Dr. Greg Yuen

Ocean Vegetables

Ocean Vegetables

Living in Hawaii, you are likely to run into some seaweed especially if you are out enjoying the water at the beach. Most of us do not realize that these ocean vegetables offer a precious addition to our diets.

Seaweed comes in many forms. Perhaps the most notable local expressions are: nori which is the black sheet that sushi is rolled with; and limu that you find in poke, a raw fish appetizer. If you ever had nishime at a Japanese deli, you will know about nishime kombu, the knotted seaweed. You may not realize that the Japanese jello, kanten, is also made from seaweed. It’s otherwise called agar-agar and reportedly helps with weight reduction.

The special attribute of seaweed is its high concentration of minerals. In some seaweed, there is 10 to 15 times the minerals as in the same weight of beef or trout.

One square inch of either wakame or kombu seaweed meets the daily dietary requirements of iodine, known to help thyroid function.

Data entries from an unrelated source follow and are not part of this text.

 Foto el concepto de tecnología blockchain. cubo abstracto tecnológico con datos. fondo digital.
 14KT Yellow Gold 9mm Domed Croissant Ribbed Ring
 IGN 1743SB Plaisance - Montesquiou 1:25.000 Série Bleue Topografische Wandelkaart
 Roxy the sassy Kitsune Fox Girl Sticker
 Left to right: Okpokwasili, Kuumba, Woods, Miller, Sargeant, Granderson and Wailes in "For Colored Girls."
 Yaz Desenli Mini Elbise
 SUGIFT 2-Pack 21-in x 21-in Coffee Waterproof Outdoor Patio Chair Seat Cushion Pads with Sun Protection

Another important mineral in seaweed is calcium. Seaweed can have ten or more times the quantity of calcium as the same weight of milk or cheese.

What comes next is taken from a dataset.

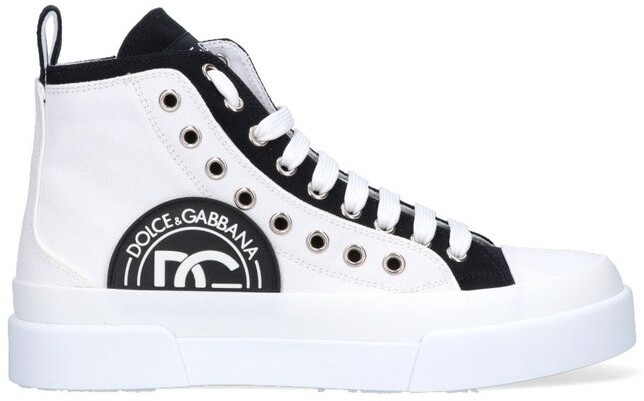 DOLCE & GABBANA Classic Leather High-Top Sneaker Shoes LONDON Logo Blue 08845
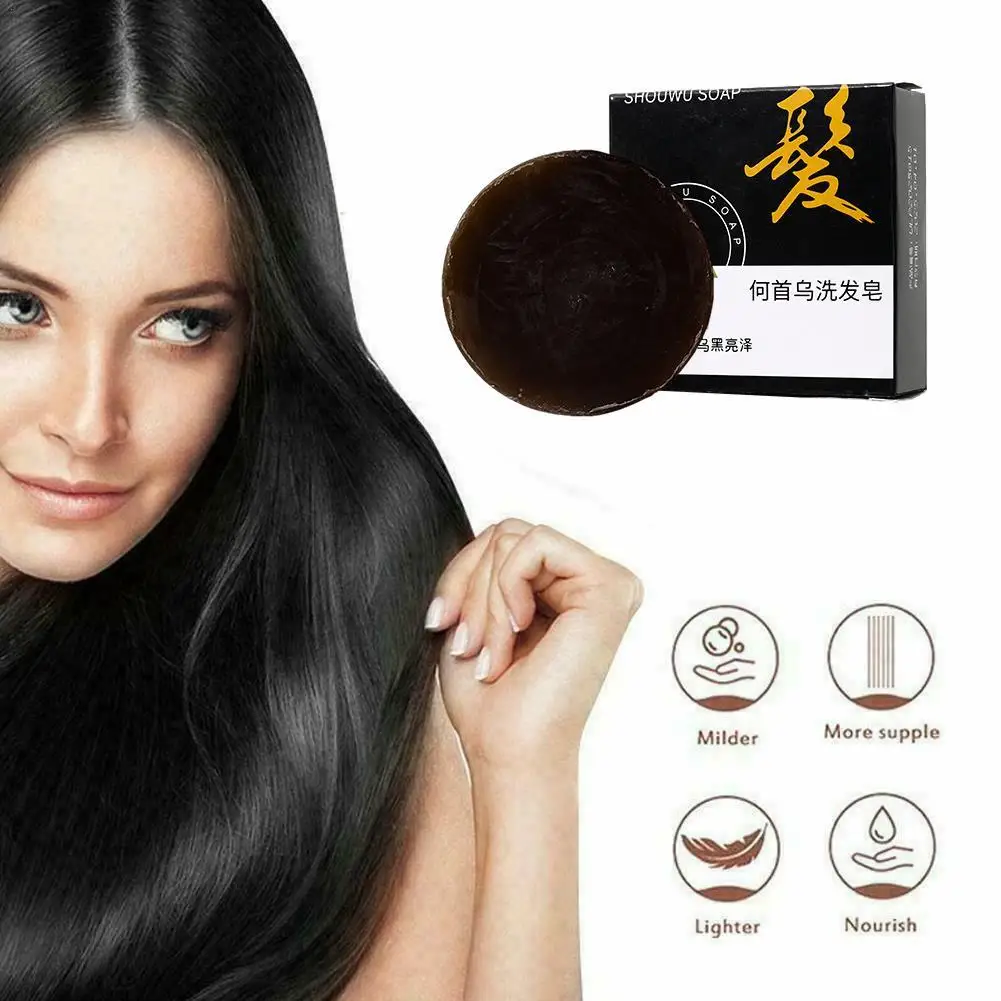 Polygonum Multiflorum Shampoo Soap With Foam Net Strengthen Hair Roots Protect Scalp Oil Control Hair Darkening Shampoo Bar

Other minerals found in seaweed include iron, phosphorus, potassium, manganese, sodium and zinc. Seaweed also has quantities of vitamins A, C and B complex, including B12, a vitamin especially important for vegetarians. All in all, seaweed helps with nails, teeth, hair and bones.

Seaweed is noted for having alginates which help to detoxity effects from radioactivity and heavy metals, so if you are regularly around x-rays, you might use more seaweed in your diet. Seaweeds, especially nori and dulse, also have protein and dietary fiber to help reduce cholesterol.

You can easily add seaweed to your life by using it in soups. Kombu, arame or wakame are particularly nice when used this way. Kombu, or specifically “dashi Kombu”, is used to make soup stock. Its flavor comes from its monosodium glutamate, MSG, but in a healthier form. Sushi nori can be eaten daily to accompany any grains where you can “roll your own”. Another alternative is to use flakes of seaweed, such as ao nori, kelp, or dulse to sprinkle on your food; these flakes are most likely found in health food stores. Fresh limu can be used in salads, in soup, or cooked with various dishes.

Seaweed can be used in dishes other than soups. The Japanese dried seaweed has to be soaked in water for 10 to 20 minutes to soften it. These dried seaweeds include kombu, arame, wakame, nori and kanten from the Oriental food section of the supermarket. You do not need to eat a lot of seaweed daily. Several tablespoons a day are a good start. If you eat too much, you might have mineral overload. Even these humble seaweeds can be beneficial to our health.